Ophthalmic NSAIDs: Post-Op Use, Pain Relief, and Safety
What topical NSAIDs do and how they differ from steroids
Topical non-steroidal anti-inflammatory drugs (NSAIDs) inhibit cyclooxygenase (COX-1 and COX-2), which reduces prostaglandin synthesis in ocular tissues. Prostaglandins contribute to pain, miosis, and increased vascular permeability, especially around ocular surgery.
Unlike topical corticosteroids, NSAIDs do not typically raise intraocular pressure and do not provide the same broad immunosuppression. Their main value is targeted prostaglandin suppression for analgesia and cystoid macular edema (CME) risk reduction. They are commonly paired with topical steroids, which are strong for anterior segment inflammation but are less direct at blocking prostaglandins.
Common clinical indications
- Cataract surgery: Reducing post-operative pain and photophobia, supporting CME prevention, and helping limit prostaglandin-driven miosis as part of a coordinated perioperative regimen with a steroid.
- Refractive surgery (PRK and LASIK): Short-term pain control early after surgery, especially after PRK with a bandage contact lens.
- Corneal abrasion or foreign body removal: Very limited duration use for significant acute discomfort, with close attention to epithelial healing and follow-up.
- Selected surface inflammation and allergy: Occasional adjunctive use for discomfort (for example ketorolac), though antihistamine and mast-cell stabilizer drops remain first-line for allergic conjunctivitis.
Choosing an agent in practice
Selection is usually based on the clinical goal (perioperative CME prophylaxis vs short-term corneal pain), dosing convenience, and surface tolerance.
Bromfenac: Often used in perioperative care because it can be dosed less frequently and is commonly well tolerated.
Nepafenac: A prodrug converted intraocularly to amfenac, used in cataract surgery regimens with the intent of supporting posterior segment anti-inflammatory effect and CME prevention.
Ketorolac: Widely available and effective for short-term pain control, though stinging and more frequent dosing can limit tolerability for longer courses.
Diclofenac and older formulations: Effective, but some reports associate use in compromised corneas with a higher risk of epithelial toxicity. Use cautiously and avoid prolonged dosing on non-healed surfaces.

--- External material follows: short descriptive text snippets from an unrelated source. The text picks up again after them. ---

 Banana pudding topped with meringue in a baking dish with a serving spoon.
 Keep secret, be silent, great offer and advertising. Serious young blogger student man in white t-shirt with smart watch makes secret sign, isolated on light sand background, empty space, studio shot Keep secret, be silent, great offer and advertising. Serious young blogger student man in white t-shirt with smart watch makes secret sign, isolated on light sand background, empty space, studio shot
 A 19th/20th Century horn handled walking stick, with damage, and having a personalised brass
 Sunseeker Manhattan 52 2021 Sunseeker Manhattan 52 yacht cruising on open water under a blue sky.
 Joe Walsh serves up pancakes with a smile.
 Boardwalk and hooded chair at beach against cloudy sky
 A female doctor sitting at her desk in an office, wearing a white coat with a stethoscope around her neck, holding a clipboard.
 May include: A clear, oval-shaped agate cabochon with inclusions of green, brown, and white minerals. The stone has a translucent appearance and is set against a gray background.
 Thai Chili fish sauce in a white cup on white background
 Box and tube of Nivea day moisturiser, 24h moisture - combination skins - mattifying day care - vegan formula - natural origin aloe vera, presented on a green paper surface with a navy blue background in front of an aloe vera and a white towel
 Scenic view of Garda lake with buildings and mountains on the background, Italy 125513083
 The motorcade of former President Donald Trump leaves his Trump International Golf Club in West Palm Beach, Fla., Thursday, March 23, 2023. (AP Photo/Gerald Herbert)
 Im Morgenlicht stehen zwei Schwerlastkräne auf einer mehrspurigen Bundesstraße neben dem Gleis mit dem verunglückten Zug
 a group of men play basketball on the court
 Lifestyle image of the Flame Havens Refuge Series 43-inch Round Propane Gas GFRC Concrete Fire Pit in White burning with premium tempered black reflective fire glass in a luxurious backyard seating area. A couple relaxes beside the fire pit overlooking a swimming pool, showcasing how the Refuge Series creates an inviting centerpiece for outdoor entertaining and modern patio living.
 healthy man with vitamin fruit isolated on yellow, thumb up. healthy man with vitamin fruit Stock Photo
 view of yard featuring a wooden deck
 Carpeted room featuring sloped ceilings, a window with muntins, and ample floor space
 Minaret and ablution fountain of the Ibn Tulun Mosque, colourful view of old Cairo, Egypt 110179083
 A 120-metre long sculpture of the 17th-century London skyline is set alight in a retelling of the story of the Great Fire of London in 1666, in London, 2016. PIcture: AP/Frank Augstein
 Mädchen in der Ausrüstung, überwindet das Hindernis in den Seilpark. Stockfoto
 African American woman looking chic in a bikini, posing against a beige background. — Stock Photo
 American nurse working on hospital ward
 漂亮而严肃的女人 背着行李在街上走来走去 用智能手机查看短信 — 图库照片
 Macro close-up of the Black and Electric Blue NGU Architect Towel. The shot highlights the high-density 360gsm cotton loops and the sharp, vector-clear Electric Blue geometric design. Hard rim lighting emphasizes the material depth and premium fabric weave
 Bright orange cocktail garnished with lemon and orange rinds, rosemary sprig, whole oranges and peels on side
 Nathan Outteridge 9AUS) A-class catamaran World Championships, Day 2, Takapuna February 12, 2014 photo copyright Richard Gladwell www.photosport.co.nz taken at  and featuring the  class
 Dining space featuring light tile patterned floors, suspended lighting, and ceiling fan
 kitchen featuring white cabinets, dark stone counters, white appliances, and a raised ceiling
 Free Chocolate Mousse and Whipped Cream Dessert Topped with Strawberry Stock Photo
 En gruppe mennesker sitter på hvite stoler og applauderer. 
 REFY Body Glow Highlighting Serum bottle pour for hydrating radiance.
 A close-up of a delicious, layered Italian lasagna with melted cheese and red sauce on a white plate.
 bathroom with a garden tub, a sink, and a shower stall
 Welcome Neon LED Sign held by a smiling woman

Safety and corneal toxicity
Most patients tolerate topical NSAIDs well, but rare cases of corneal thinning and melt have been reported, particularly in eyes with pre-existing surface compromise such as neurotrophic keratopathy, severe dry eye, autoimmune disease, prior herpetic keratitis, or large epithelial defects. Risk increases with prolonged dosing on a non-healed cornea. Practical safeguards include using the shortest effective course on open defects, avoiding extended NSAID use in high-risk corneas, and discontinuing the medication if worsening pain, persistent epithelial defects, or signs of progressive thinning occur.
How NSAIDs fit into perioperative regimens
In surgical care, NSAIDs work best as part of a coordinated plan that also includes topical steroids, lubrication, and, when needed, systemic analgesia. Clear instructions about dosing, expected duration, spacing between drops, and stop criteria help reduce overuse and minimize epithelial toxicity while preserving pain relief and CME risk reduction. When patients have significant ocular surface disease, clinicians often individualize the plan to prioritize healing and comfort.